Still, even as they were popularizing the sound of what Noisey would later call the “Vibe Generation,” along with strategically chosen openers like Tame Impala and the influx of major label imitators like Foster the People and Grouplove (not to mention the backhanded compliment of a Frank Ocean rewrite that ran circles around the original), MGMT had already moved on. They followed up Oracular Spectacular with 2010’s Congratulations, an unfairly maligned prog-psych follow-up that lost fans but made others even more devoted, and 2013’s MGMT, a more fairly maligned and languorous effort. Their later work, while often rewarding in its own knotty ways, built them a reputation as affably aimless retromaniac explorers, with nothing that could quite stand up to their previous festival anthems. The story of MGMT became a familiar one: that of a band retreating from its from success with more purposefully difficult music that was still somewhat lovable if you wanted to put in the effort.

Now, 11 years on from that first album and 13 from those anthems’ first appearance on 2005’s Time to Pretend EP, MGMT are slinking back to the world of popcraft with their new album Little Dark Age, licking their wounds though nonetheless still out in the wilderness. Lead singer Andrew VanWyngarden has noted that his song ideas often have the word “bullshit” attached to their working titles, and unfortunately, it’s hard not to agree with him here. Distinguishable hooks are back, as well as are… themes—gone for the most part is VanWyngarden’s woolgathering in favor of specificity, but a type that’s less welcome than you’d think. On “She Works Out Too Much,” an opener about dating through Tinder, he attempts the self-deprecation and character play of collaborator Ariel Pink, but winds up instead with condescension.
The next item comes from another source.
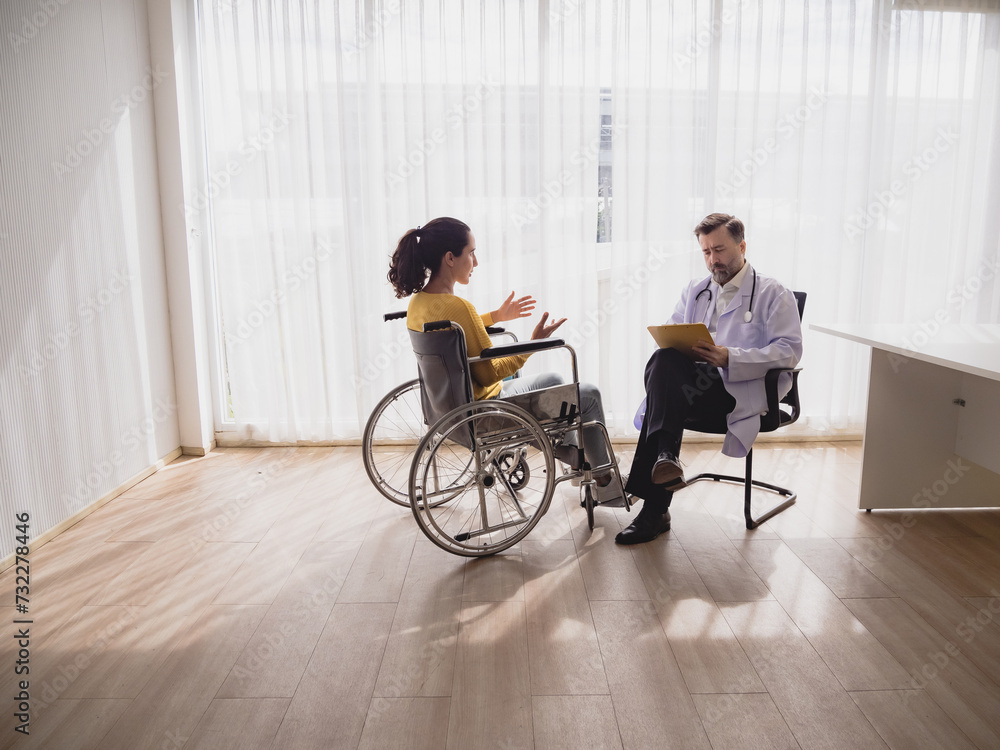 Portrait latin american woman sick sit wheelchair with man doctor caucasian sitting two people check and treat patients talk helping support explain medicine sick person inside hospital room service Portrait latin american woman sick sit wheelchair with man doctor caucasian sitting two people check and treat patients talk helping support explain medicine sick person inside hospital room service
Elsewhere, on “Hand It Over,” the band aims for softly mournful political commentary but sound more bored than ever over its loping rhythms and hesitant synth pads; it’s clear MGMT is better at being stoned than anything else.
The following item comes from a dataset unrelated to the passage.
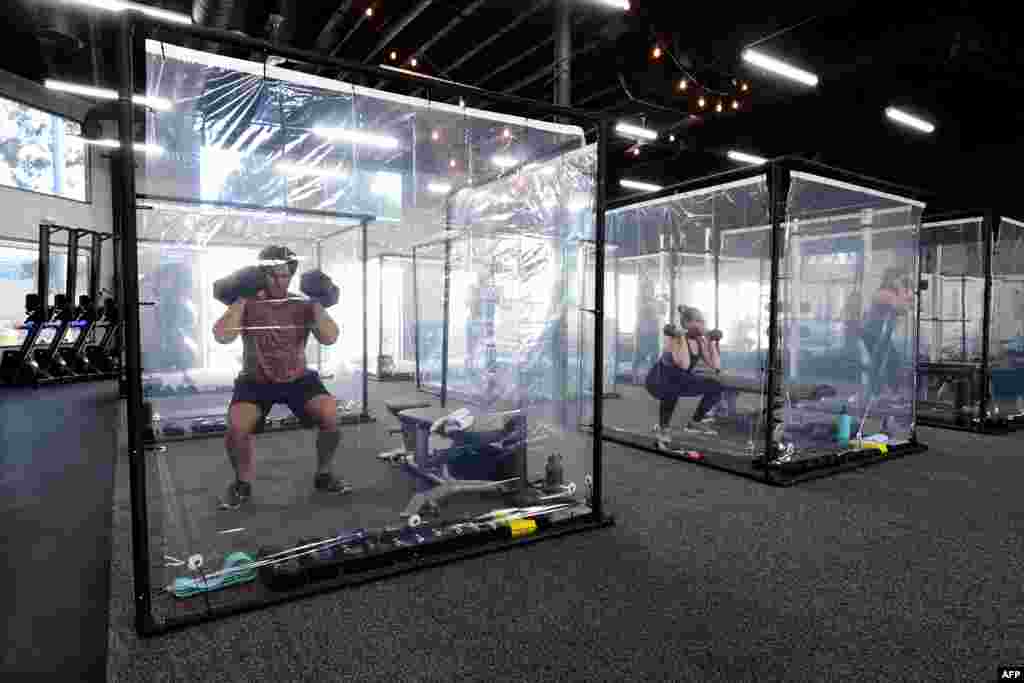 People exercisein their workout pods while observing social distancing at Inspire South Bay Fitness, June 15, 2020, in Redondo Beach, as the gym reopens under California's coronavirus Phase 3 reopening guidelines.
Little Dark Age is pleasant enough, but it’s hard to look past a glaring dearth of ideas. “Little Dark Age” and “Me and Michael” chug along on synth-funk grooves but never quite pop out of them, while the more pastoral back half sinks under its own torpidity. Rarely, something approximating a pulse emerges: “When You Die” compresses MGMT’s Congratulations-era ability to deconstruct song structures so deftly that at first it scans as folk-pop, and “James” is a wistful ode to the band’s touring guitarist that psychedelicizes gently rather than garishly. They’re small glimpses of a happy medium on an easygoing but frustrating album—gentle reminders of why we cared in the first place.